[Work to be completed] With the line containing "Cool Astronaut With" as the start and the line containing "Matchbook Cover - La" as the end, transcribe that span of the entries below exactly, including both.

[Extracted information]
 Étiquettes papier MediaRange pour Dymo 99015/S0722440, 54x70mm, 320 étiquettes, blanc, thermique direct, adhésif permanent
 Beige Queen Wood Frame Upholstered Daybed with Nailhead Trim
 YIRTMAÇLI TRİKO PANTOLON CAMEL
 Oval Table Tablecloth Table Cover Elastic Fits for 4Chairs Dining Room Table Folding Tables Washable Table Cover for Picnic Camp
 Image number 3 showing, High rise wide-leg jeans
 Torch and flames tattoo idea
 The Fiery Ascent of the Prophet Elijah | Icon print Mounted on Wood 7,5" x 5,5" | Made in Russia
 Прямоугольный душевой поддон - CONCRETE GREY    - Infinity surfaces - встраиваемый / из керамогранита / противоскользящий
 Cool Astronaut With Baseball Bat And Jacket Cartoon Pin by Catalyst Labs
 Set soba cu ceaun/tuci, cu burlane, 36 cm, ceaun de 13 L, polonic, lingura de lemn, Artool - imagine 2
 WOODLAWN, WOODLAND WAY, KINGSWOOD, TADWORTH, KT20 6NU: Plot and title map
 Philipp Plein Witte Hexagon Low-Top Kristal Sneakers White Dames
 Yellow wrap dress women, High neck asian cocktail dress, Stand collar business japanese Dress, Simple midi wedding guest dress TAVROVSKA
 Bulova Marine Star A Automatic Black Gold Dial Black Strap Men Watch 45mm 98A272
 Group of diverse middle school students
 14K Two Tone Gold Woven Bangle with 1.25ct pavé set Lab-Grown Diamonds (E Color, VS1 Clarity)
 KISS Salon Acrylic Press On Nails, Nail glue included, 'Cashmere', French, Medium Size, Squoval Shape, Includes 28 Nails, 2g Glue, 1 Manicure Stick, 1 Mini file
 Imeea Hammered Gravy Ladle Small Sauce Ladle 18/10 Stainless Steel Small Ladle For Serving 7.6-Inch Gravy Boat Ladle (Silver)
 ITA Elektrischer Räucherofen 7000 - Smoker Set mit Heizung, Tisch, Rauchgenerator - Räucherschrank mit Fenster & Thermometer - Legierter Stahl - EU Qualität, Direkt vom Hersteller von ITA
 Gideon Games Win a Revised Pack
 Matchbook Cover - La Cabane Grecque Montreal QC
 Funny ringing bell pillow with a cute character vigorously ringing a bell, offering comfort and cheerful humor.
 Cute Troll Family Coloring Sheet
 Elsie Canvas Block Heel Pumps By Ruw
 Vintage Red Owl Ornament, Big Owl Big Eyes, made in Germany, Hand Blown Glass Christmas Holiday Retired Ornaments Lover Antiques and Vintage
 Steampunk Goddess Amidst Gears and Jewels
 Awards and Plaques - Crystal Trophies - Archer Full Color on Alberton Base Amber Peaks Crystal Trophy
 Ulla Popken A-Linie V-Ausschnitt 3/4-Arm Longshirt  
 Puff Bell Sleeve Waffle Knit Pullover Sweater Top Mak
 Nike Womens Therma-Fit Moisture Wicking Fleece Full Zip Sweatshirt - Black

[Solution to the problem]
 Cool Astronaut With Baseball Bat And Jacket Cartoon Pin by Catalyst Labs
 Set soba cu ceaun/tuci, cu burlane, 36 cm, ceaun de 13 L, polonic, lingura de lemn, Artool - imagine 2
 WOODLAWN, WOODLAND WAY, KINGSWOOD, TADWORTH, KT20 6NU: Plot and title map
 Philipp Plein Witte Hexagon Low-Top Kristal Sneakers White Dames
 Yellow wrap dress women, High neck asian cocktail dress, Stand collar business japanese Dress, Simple midi wedding guest dress TAVROVSKA
 Bulova Marine Star A Automatic Black Gold Dial Black Strap Men Watch 45mm 98A272
 Group of diverse middle school students
 14K Two Tone Gold Woven Bangle with 1.25ct pavé set Lab-Grown Diamonds (E Color, VS1 Clarity)
 KISS Salon Acrylic Press On Nails, Nail glue included, 'Cashmere', French, Medium Size, Squoval Shape, Includes 28 Nails, 2g Glue, 1 Manicure Stick, 1 Mini file
 Imeea Hammered Gravy Ladle Small Sauce Ladle 18/10 Stainless Steel Small Ladle For Serving 7.6-Inch Gravy Boat Ladle (Silver)
 ITA Elektrischer Räucherofen 7000 - Smoker Set mit Heizung, Tisch, Rauchgenerator - Räucherschrank mit Fenster & Thermometer - Legierter Stahl - EU Qualität, Direkt vom Hersteller von ITA
 Gideon Games Win a Revised Pack
 Matchbook Cover - La Cabane Grecque Montreal QC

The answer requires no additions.